All of the experimental studies and evidence from the published literature demonstrate that constituents and analogues of Alcohols, C20-30 (even numbered) will degrade in the aquatic environment. It is concluded that, given the very close similarity between LCA Category alcohols, 2-decyltetradecanol and tetradecyloctadecan-1-ol, as well as similar physico-chemical properties and structure, Alcohols, C20-30 (even numbered) will rapidly and readily biodegrade in the environment. The weight of evidence (5 of 6 experimental studies) supports ready biodegradation of these long chain alcohols, in particular those with longer carbon chain lengths (C24 and C32) corresponding to and extending beyond Alcohols, C20-30 (even numbered).

 

Annex IX column 2 of the REACH Regulation states that a study on the Biodegradation in Water and Sediment and a study on Biodegradation in Soil do not need to be conducted if the substance is readily biodegradable.
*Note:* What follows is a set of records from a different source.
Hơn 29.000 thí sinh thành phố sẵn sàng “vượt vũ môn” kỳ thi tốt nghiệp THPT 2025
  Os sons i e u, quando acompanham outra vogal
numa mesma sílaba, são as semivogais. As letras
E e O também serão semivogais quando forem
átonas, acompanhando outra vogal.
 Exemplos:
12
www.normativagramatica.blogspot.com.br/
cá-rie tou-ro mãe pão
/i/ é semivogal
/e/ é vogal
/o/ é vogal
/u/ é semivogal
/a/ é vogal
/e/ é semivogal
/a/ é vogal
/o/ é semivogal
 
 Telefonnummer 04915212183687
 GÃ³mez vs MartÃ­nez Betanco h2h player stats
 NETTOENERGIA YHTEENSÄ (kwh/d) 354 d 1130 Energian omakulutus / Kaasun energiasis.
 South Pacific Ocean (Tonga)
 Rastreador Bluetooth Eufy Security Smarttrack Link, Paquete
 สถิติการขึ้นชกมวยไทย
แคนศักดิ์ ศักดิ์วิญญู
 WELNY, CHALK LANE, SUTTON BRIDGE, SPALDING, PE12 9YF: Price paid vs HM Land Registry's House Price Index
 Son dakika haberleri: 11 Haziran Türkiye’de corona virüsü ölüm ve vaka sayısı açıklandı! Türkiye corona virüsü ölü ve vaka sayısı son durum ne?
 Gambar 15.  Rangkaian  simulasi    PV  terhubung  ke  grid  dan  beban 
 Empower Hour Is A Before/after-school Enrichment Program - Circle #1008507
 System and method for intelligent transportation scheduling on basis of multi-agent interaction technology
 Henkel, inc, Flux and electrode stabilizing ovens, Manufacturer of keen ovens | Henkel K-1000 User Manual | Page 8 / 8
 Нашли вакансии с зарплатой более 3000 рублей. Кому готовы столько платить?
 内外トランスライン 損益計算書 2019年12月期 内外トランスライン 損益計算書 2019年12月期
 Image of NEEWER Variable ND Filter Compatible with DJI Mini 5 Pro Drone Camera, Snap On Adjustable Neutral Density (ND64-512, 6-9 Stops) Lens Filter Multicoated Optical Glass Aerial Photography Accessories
Therefore, studies on Biodegradation in Water and Sediment and Biodegradation in Soil are waived for Alcohols, C20-30 (even numbered) due to its ready biodegradability in the aquatic environment.

 

There is substantial experimental evidence that both linear and branched long chain alcohols with carbon chain length up to and including C32 readily biodgrade in water. Since Alcohols, C22 -30 (even numbered), branched and linear comprise over 70% linear long chain alcohols and typically 85% linear and secondary branched long chain alcohols, it is reasonable to conclude it will readily biodegrade in water.